* **PROMPT**: Go to the line below containing "Maxton Design Front" and print exactly from there through the line containing "Geheimnisvolle Wege (CALVENDO", both included. Print nothing else.

*** Opening of TASK INPUTS ***

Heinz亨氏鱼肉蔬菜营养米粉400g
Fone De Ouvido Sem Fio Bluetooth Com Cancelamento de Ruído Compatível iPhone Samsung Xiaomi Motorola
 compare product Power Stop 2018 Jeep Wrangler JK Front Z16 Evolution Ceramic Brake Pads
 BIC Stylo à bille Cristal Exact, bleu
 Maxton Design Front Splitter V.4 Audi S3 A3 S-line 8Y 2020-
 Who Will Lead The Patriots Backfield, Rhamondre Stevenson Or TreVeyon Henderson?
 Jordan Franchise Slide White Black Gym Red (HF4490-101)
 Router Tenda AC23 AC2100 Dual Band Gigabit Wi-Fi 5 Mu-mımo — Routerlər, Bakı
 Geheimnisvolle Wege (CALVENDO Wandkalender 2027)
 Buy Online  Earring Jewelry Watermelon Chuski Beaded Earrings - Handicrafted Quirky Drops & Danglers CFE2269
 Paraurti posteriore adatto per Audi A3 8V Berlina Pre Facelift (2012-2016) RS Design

*** Close of TASK INPUTS ***

* **REPLY TO THE TASK**:
 Maxton Design Front Splitter V.4 Audi S3 A3 S-line 8Y 2020-
 Who Will Lead The Patriots Backfield, Rhamondre Stevenson Or TreVeyon Henderson?
 Jordan Franchise Slide White Black Gym Red (HF4490-101)
 Router Tenda AC23 AC2100 Dual Band Gigabit Wi-Fi 5 Mu-mımo — Routerlər, Bakı
 Geheimnisvolle Wege (CALVENDO Wandkalender 2027)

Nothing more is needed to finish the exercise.